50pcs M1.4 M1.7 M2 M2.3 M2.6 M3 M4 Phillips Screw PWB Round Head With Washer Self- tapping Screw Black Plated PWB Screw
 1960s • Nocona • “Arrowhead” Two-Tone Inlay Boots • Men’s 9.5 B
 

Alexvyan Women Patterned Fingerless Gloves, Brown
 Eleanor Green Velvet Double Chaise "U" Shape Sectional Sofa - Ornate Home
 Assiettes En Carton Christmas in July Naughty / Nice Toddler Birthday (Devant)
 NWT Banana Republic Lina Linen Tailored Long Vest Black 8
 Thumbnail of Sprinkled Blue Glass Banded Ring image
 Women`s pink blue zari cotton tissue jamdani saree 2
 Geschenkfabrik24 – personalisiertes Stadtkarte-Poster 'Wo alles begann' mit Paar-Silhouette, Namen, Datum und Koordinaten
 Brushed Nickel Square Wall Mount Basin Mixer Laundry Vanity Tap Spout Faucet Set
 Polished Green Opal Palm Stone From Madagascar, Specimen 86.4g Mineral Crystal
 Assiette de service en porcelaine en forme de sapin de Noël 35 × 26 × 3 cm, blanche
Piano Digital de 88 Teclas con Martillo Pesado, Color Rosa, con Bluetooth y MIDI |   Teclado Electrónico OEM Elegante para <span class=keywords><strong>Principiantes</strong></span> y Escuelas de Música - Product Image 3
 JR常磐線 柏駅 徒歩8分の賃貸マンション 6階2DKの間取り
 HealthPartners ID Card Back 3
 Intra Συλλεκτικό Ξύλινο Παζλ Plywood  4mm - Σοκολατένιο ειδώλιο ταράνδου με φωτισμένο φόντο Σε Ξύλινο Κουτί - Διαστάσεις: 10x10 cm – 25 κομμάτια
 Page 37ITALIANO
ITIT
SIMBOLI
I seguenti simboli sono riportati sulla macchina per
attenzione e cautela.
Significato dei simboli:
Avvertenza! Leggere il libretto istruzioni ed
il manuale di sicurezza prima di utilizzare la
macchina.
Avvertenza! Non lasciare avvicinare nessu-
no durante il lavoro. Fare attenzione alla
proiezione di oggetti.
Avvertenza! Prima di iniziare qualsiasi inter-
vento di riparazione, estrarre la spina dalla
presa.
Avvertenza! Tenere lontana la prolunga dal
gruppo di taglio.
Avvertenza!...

:: WHAT IS BEING ASKED ::
Include the first line of the listing, the line with "NWT Banana Republic", and every line between them, each repeated exactly, and output only those.

:: RESPONSE ::
50pcs M1.4 M1.7 M2 M2.3 M2.6 M3 M4 Phillips Screw PWB Round Head With Washer Self- tapping Screw Black Plated PWB Screw
 1960s • Nocona • “Arrowhead” Two-Tone Inlay Boots • Men’s 9.5 B
 

Alexvyan Women Patterned Fingerless Gloves, Brown
 Eleanor Green Velvet Double Chaise "U" Shape Sectional Sofa - Ornate Home
 Assiettes En Carton Christmas in July Naughty / Nice Toddler Birthday (Devant)
 NWT Banana Republic Lina Linen Tailored Long Vest Black 8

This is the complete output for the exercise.